Records shown below:

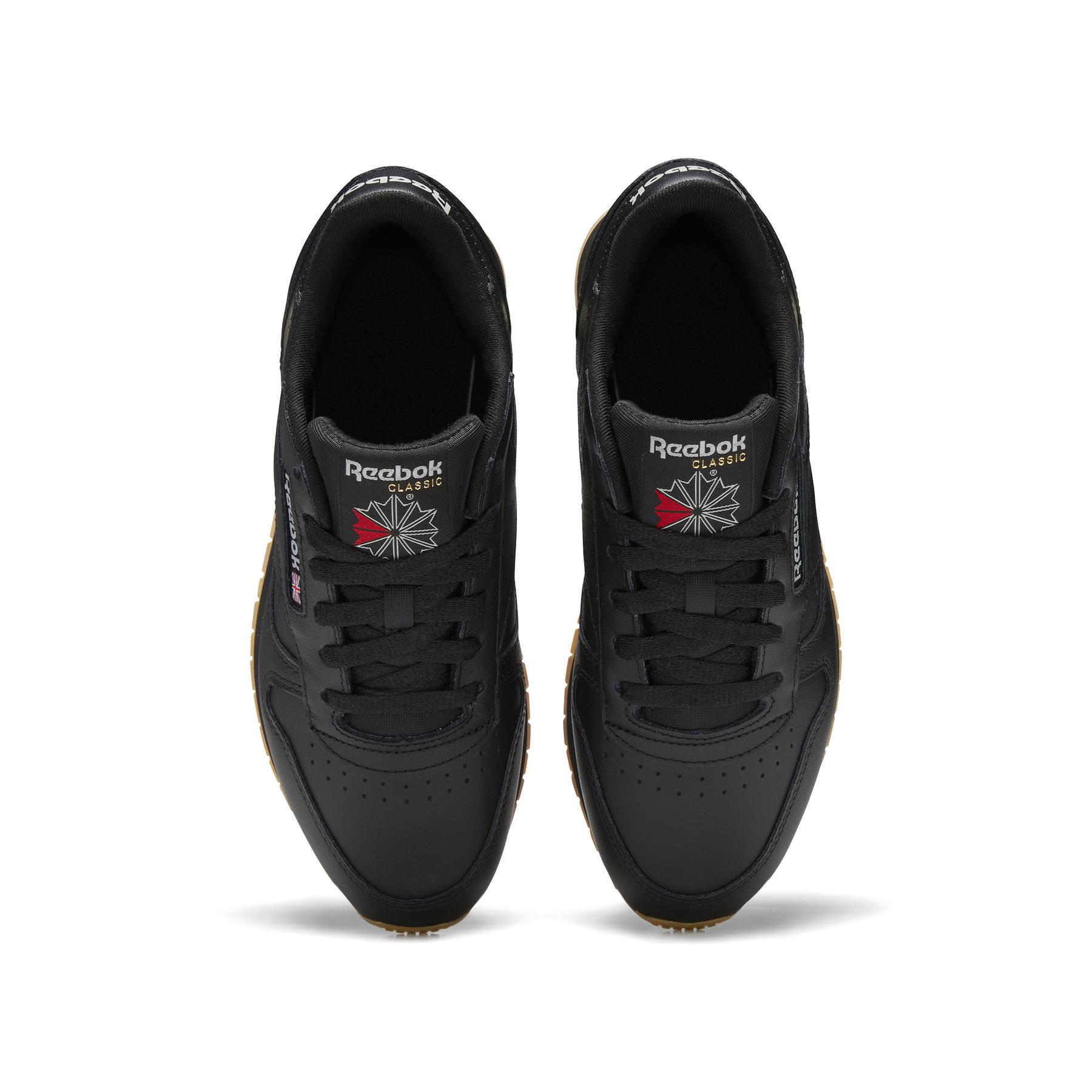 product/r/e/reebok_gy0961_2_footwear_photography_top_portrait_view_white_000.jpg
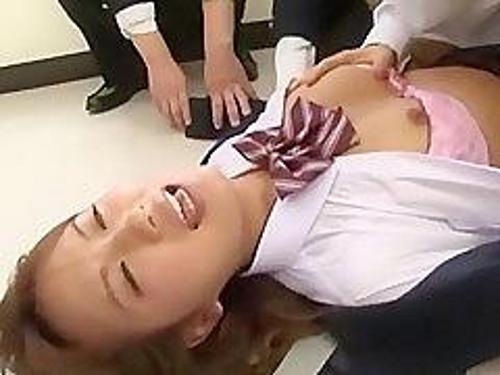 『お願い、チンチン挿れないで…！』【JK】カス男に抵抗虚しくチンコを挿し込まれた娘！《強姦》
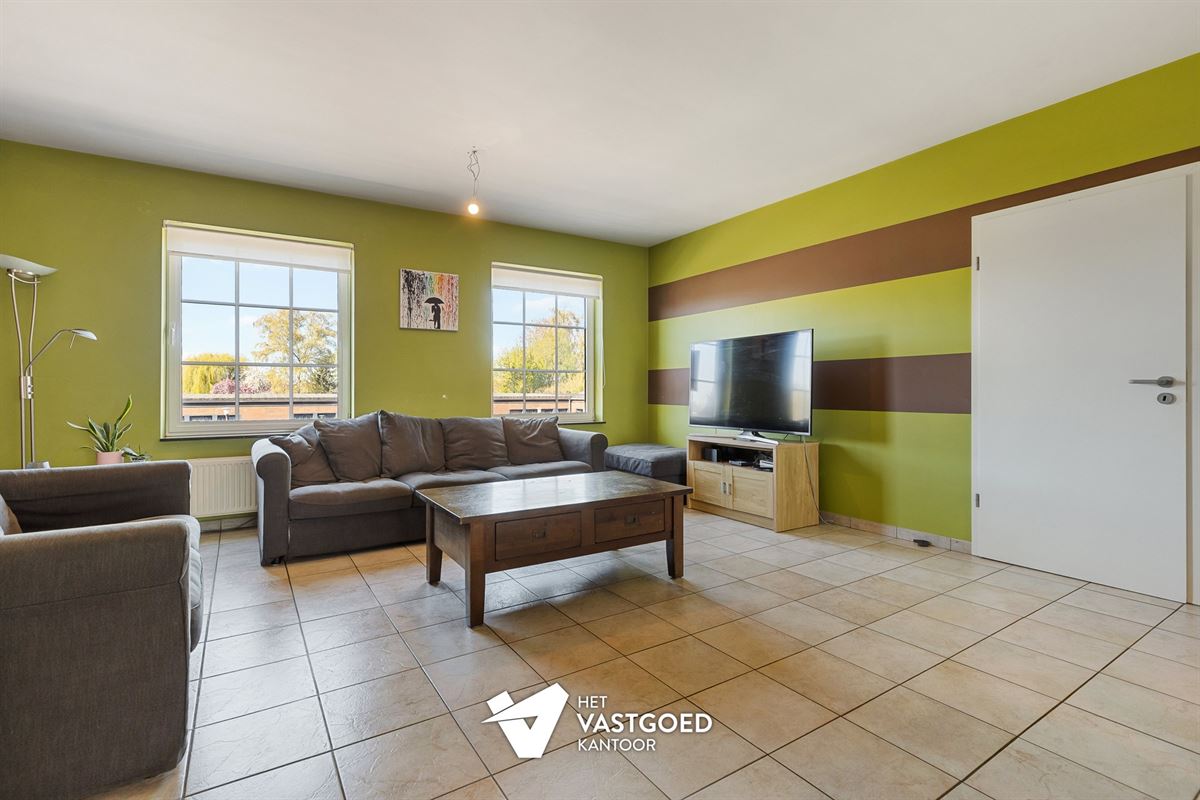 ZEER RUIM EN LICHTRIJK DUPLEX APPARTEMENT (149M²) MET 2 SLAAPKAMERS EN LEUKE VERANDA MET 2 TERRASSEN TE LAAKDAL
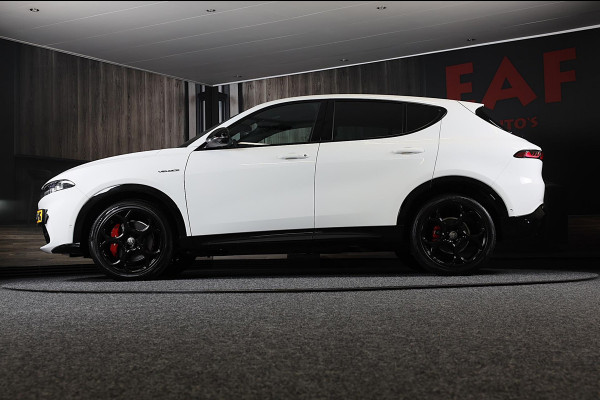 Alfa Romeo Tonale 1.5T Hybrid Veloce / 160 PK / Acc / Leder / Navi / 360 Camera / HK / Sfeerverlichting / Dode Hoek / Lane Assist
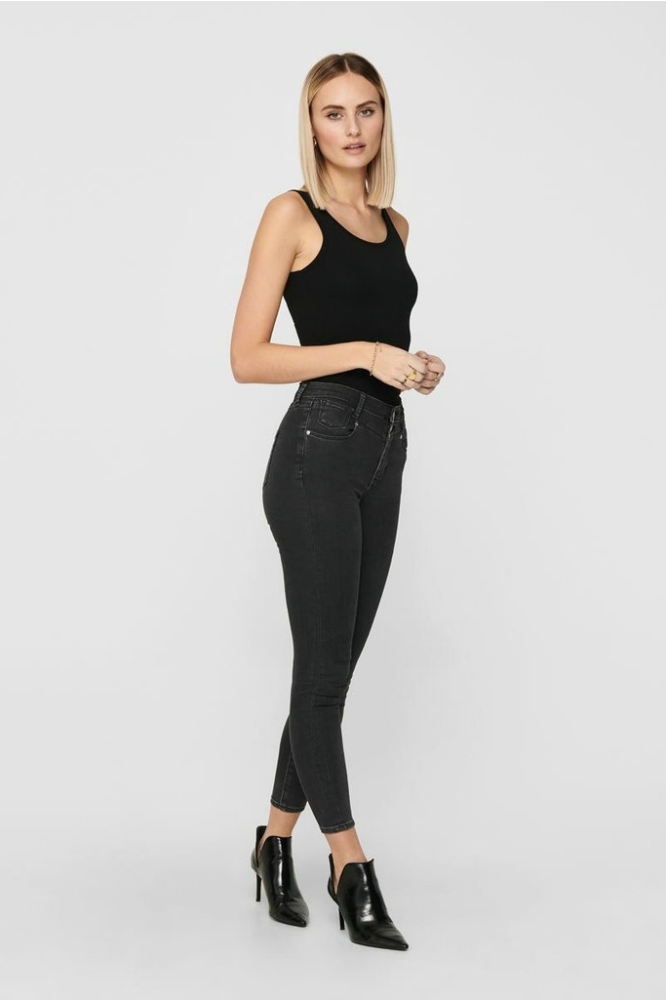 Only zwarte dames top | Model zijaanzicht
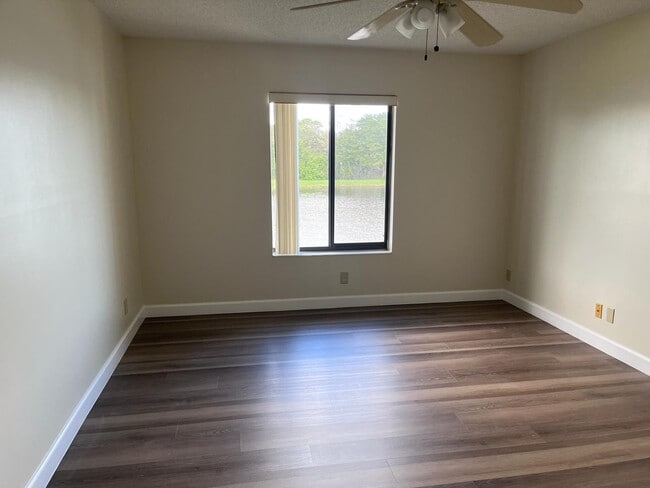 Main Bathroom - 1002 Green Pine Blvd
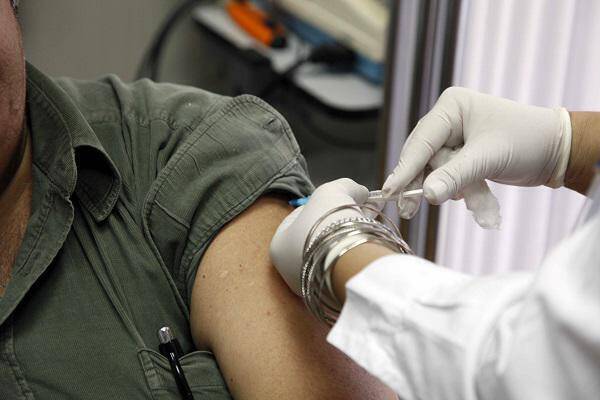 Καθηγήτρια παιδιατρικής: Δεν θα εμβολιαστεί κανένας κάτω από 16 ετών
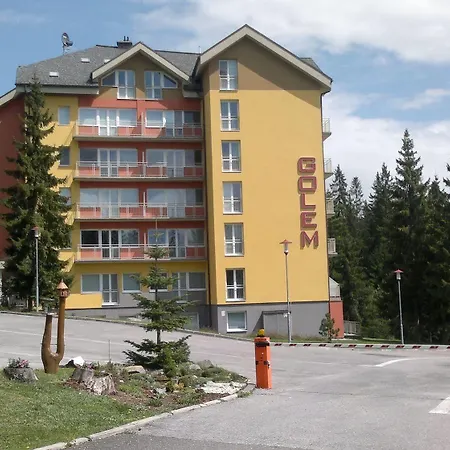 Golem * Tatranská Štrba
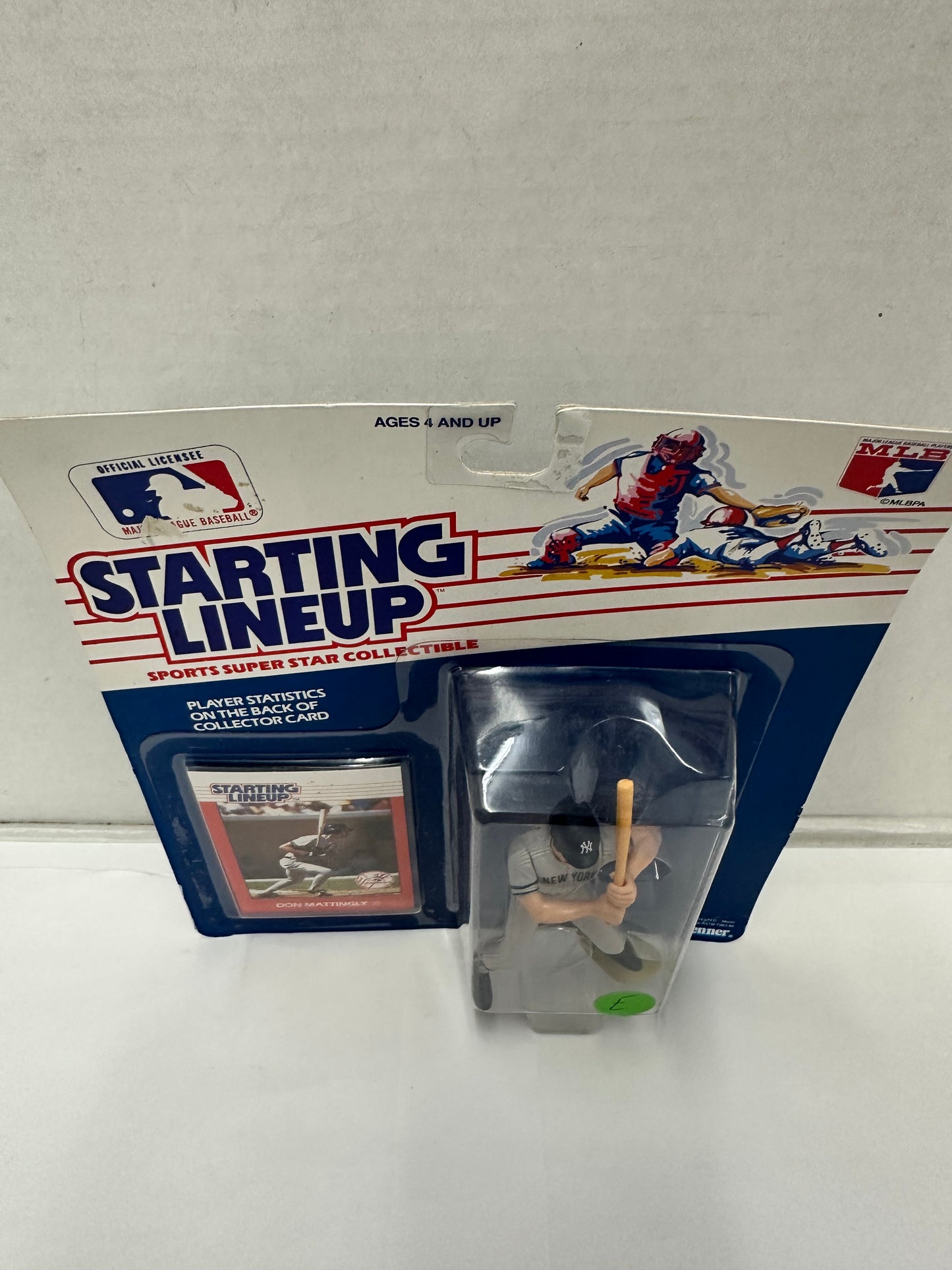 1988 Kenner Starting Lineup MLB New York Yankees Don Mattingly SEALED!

End of Records shown.

No pictures belong in the output. Restate word for word only the lines from the one containing "Main Bathroom - 1002 Green Pine Blvd" to the end of the entries above.

## Reply to the task
 Main Bathroom - 1002 Green Pine Blvd
 Καθηγήτρια παιδιατρικής: Δεν θα εμβολιαστεί κανένας κάτω από 16 ετών
 Golem * Tatranská Štrba
 1988 Kenner Starting Lineup MLB New York Yankees Don Mattingly SEALED!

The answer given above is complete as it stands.